Toplumumuzun ilginç bir yönü var. Politikacılar iyi bilir. Televizyon gibi genel kitleye hitap eden meslek sahipleri de öyle.
Bazen bir konuya çok ilgi gösterir, bazen ise kendi içine döner. Gündemi bir anda değişir. Sıkılabilir. Ama sıkıldığını belli etmez.
Geçmiş zaman, Show Tv büyük maddi sıkıntı çekiyor. Patronun bankalarına el koyulmuş, büyük şirketlerinde sıkıntılar var. Yani para yok. Her şeyden tasarruf ediliyor.
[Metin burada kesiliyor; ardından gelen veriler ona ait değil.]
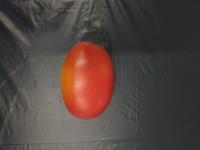 tomato 1 project thumbnail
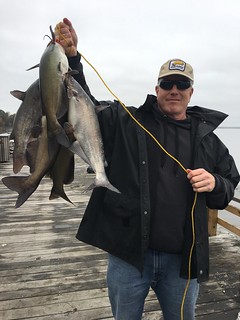 Photo of a man on a dock holding several catfish he caught
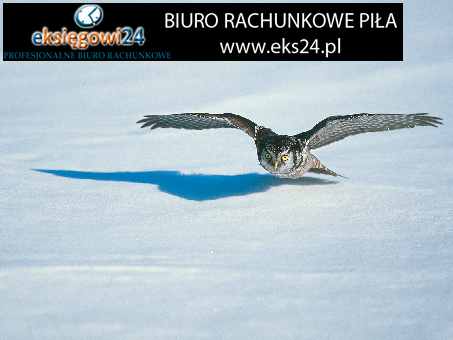 Biura rachunkowe w Pile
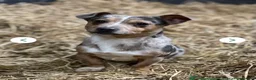 Jack Russell dogs for sale: Beautiful litter of Jack Russell Puppies - Advert 3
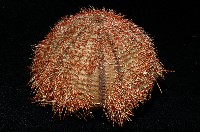 貝利角孔海膽藏品圖，第7張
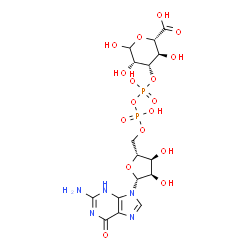 ChemSpider 2D Image | (2S,3R,4S,5S)-4-{[{[{[(2R,3S,4R,5R)-5-(2-Amino-6-oxo-3,6-dihydro-9H-purin-9-yl)-3,4-dihydroxytetrahydro-2-furanyl]methoxy}(hydroxy)phosphoryl]oxy}(hydroxy)phosphoryl]oxy}-3,5,6-trihydroxytetrahydro-2H
-pyran-2-carboxylic acid | C16H23N5O17P2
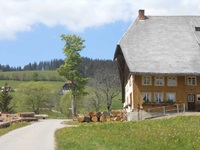 Baumstämme warten vor einem typischen Schwarzwaldhaus auf ihre Weiterverarbeitung.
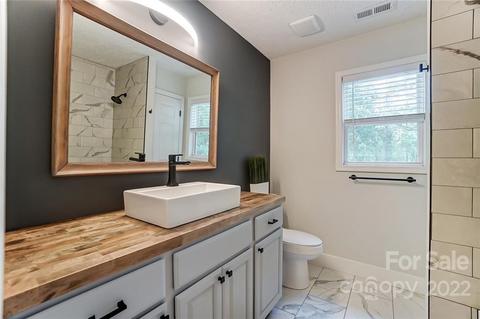 105 Easter Ln, Davidson, NC 28036 photo 21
Doğru düzgün dizi bile çekilemiyor. Maliyeti düşük yapımlara yöneliniyor mecburen. “Ama kul sıkışmayınca Hızır yetişmezmiş” lafında olduğu gibi o zor günlerde “Kaynana Semra” diye bir fenomen çıkıyor ortalığa. İçimizden biri. Belki annemize benziyor belki teyzemize. Ama bizim gibi işte. Yabancıların “big brother” yarışmalarının bir versiyonu. Şimdiki ortalığı yıkan evlilik programlarının da atası.
Çok tutuluyor. Çünkü aşırı marazi. Kavga-gürültü, aşk-meşk ne ararsan var.
Derken seçim günü gelip çatıyor. Eh seçim yayını da yapmak lazım. Ama bütçe yok. Bu durumda “ucuz” iş yapan bir ekip ile anlaşılıyor. Dışarıdan, diğerlerinin yaptığının belkide dörtte bir parasına entegrasyonu sağlayacaklarını söylüyorlar. İnanıyoruz mecburen.
Neyse sandıklar açılıyor, oylar gelmeye başlıyor. Her kanal aşağı yukarı aynı şeyi yapıyor. O güne kadar ortalıkta seçimden başka hiç bir şey konuşulmamış.
Neyse, yayın başladıktan sonra bizim “ucuz” sistem su koyverdi. Gelen rakamlar bir türlü ekrana taşınamıyor. Yazılımın aklı karıştı anlayacağınız. Son darbe Kadıköy seçimlerinde partilerin isimlerinin karşısına aydıkları oy yerine dolar işareti koyulması oldu. “Yahu başka işaret mi kalmadı” diye düşünüyor insan. Ama makine bu. Yapacak bir şey yok. Bir türlü düzeltilemiyor. Sistem çöktü anlayacağınız.